> _Prompt_:
Work through the listing below and give again exactly the lines from the one with "1000 darabos puzzle Idill - Mező" to the one with "double edged sword", both ends included. All other lines and all pictures stay out.

> _Given data_:

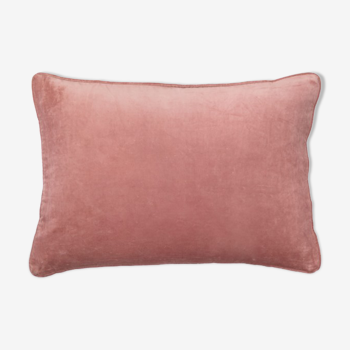 Velvet cushion 50x33cm blush color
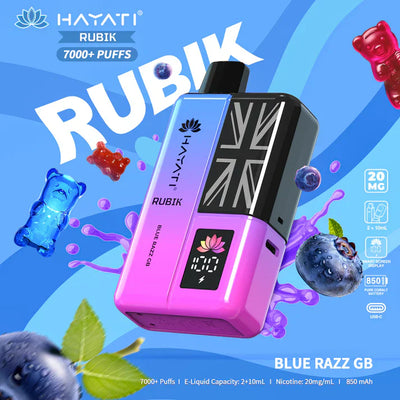 Hayati Rubik 7000+ Puffs Disposable Vape Kit Pack of 5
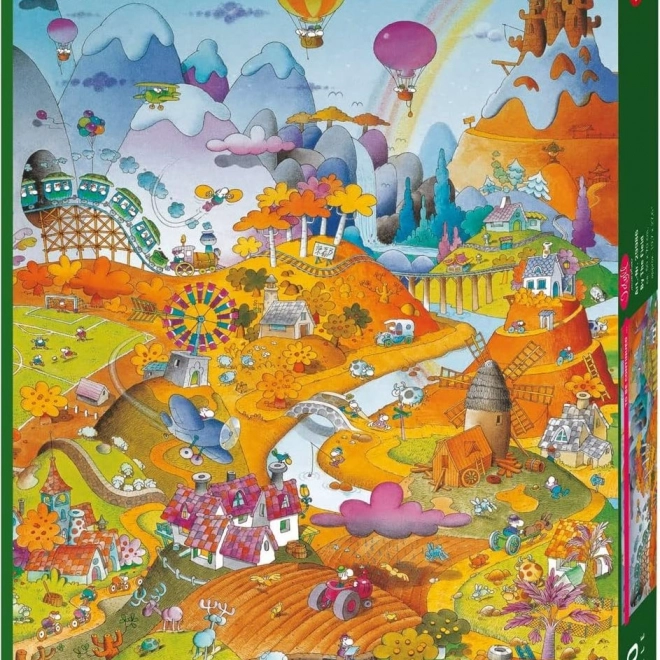 1000 darabos puzzle Idill - Mező
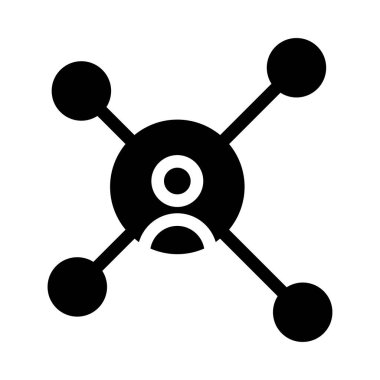 bağlantı vektörü glyph düz simgesi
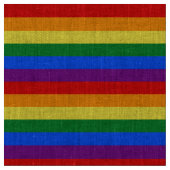 LGBT Rainbow Gay Pride Flag Stof (Close Up)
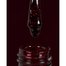 Lakier hybrydowy DARK New collection 112 ciemnoczerwony z brokatem 10 ml - Фото №3
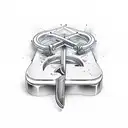 double edged sword  tattoo design idea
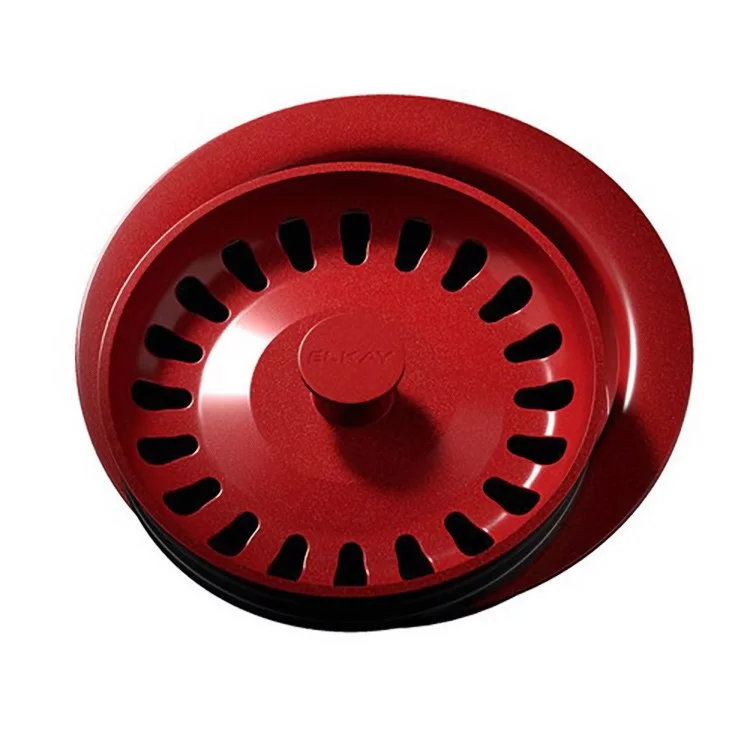 Disposal Flange with Removable Basket Strainer and Rubber Stopper Maraschino 3-1/2 Inch Polymer for Sinks with 3-1/2" Drain Opening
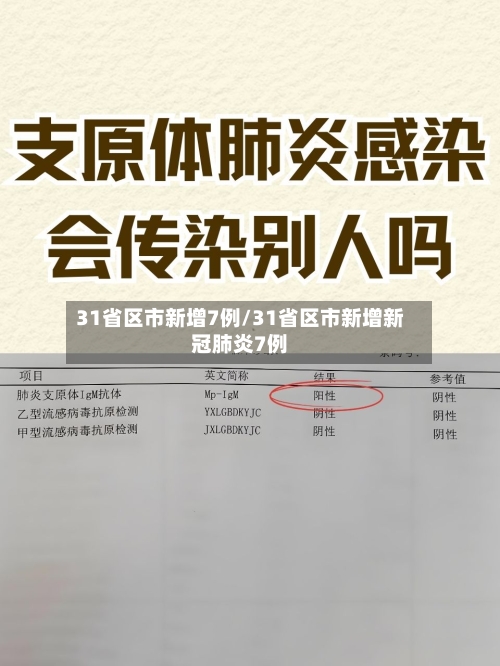 31省区市新增7例/31省区市新增新冠肺炎7例-第3张图片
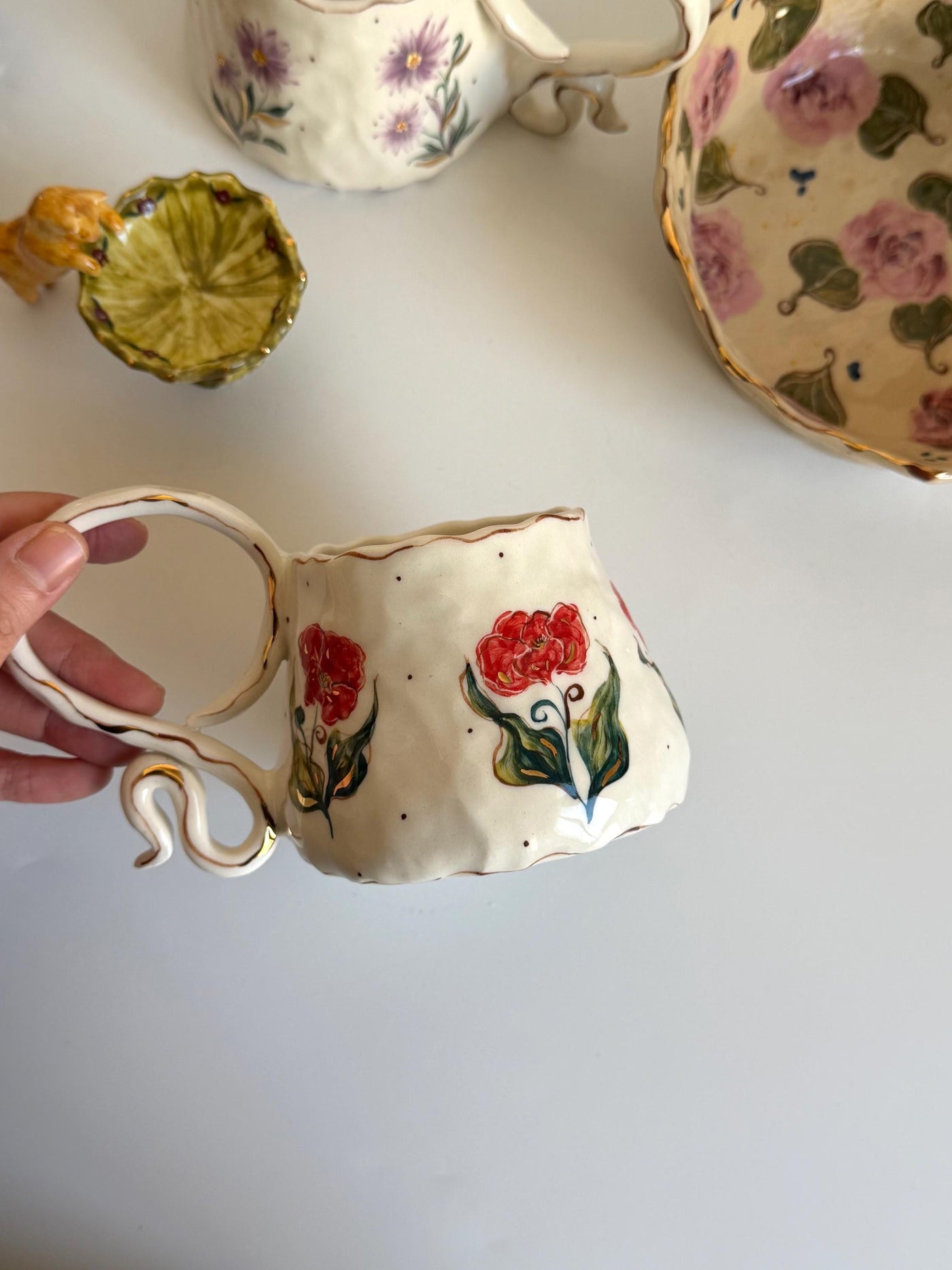 Pressed Flower Boho Mug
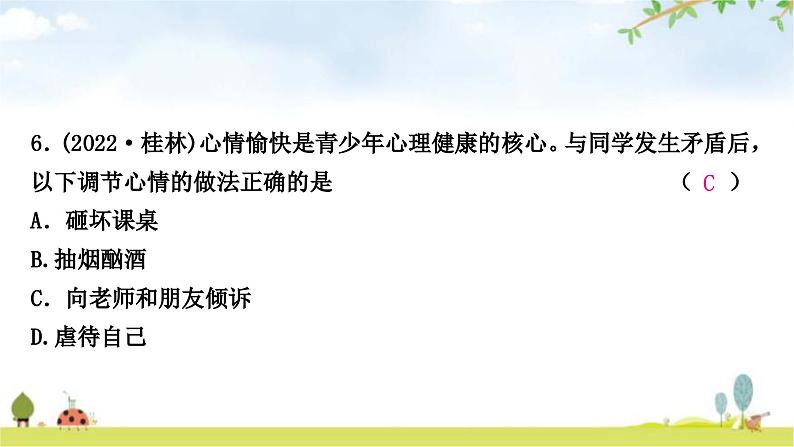 中考生物复习七年级下册第四单元生物圈中的人第一章人的由来课件第7页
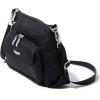 imageBaggallini Original Everyday 11x 75 Crossbody Bags for Women RFID Protected Washable Lightweight Nylon Zippered Travel PurseBlack Python Emboss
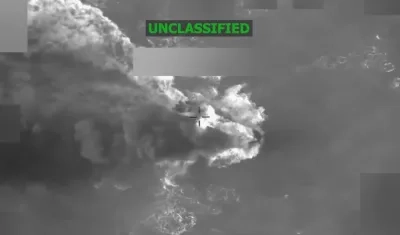 Momento del ataque en el Mar Caribe. 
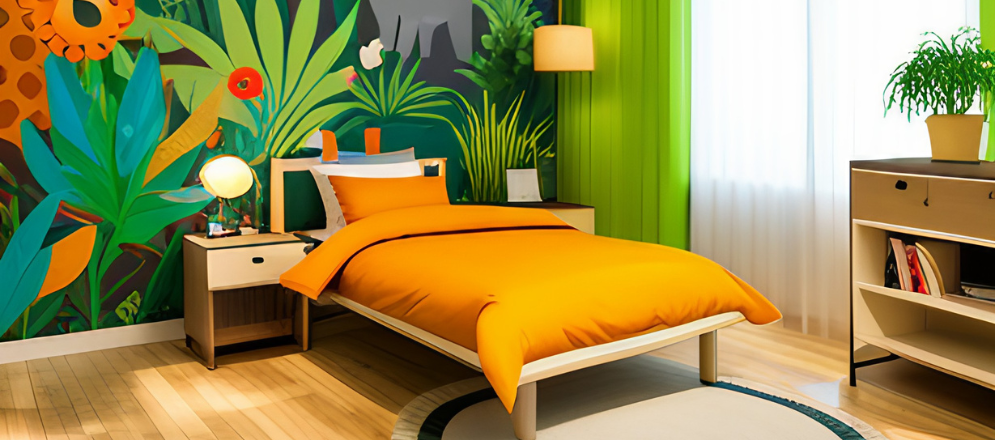 Colourful Jungle Theme Kids Room - Beautiful Homes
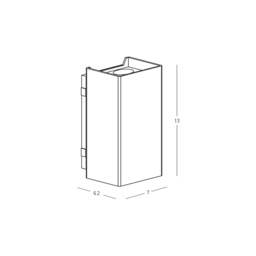 Zambelis Outdoor Up Down Wall Lamp Graphite LED 3000K IP65 - thumbnail 5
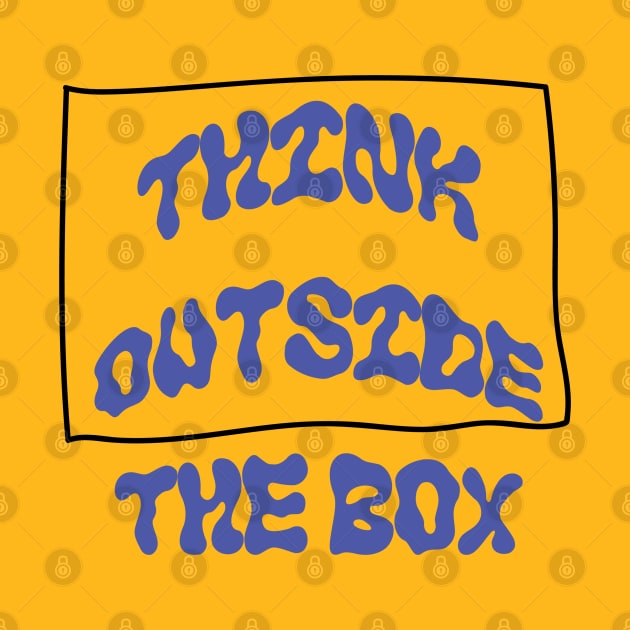 Think outside the box by blckpage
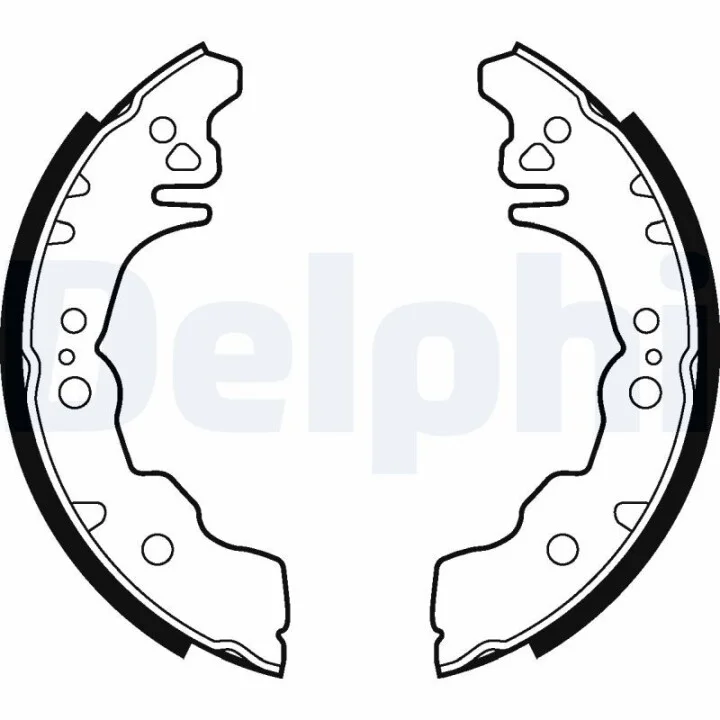 DELPHI SUBARU Колодки гальмівні барабанні задн. JUSTY IV 1.0 (M300) 07-, DAIHATSU MATERIA (M4_) 1.5 ECO 4WD 06- Delphi LS2023 (фото 1)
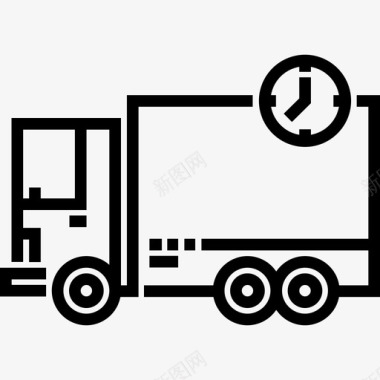 送货车共用2直线图标图标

> _Answer area_:
 1000 darabos puzzle Idill - Mező
 bağlantı vektörü glyph düz simgesi
 LGBT Rainbow Gay Pride Flag Stof (Close Up)
 Lakier hybrydowy DARK New collection 112 ciemnoczerwony z brokatem 10 ml - Фото №3
 double edged sword  tattoo design idea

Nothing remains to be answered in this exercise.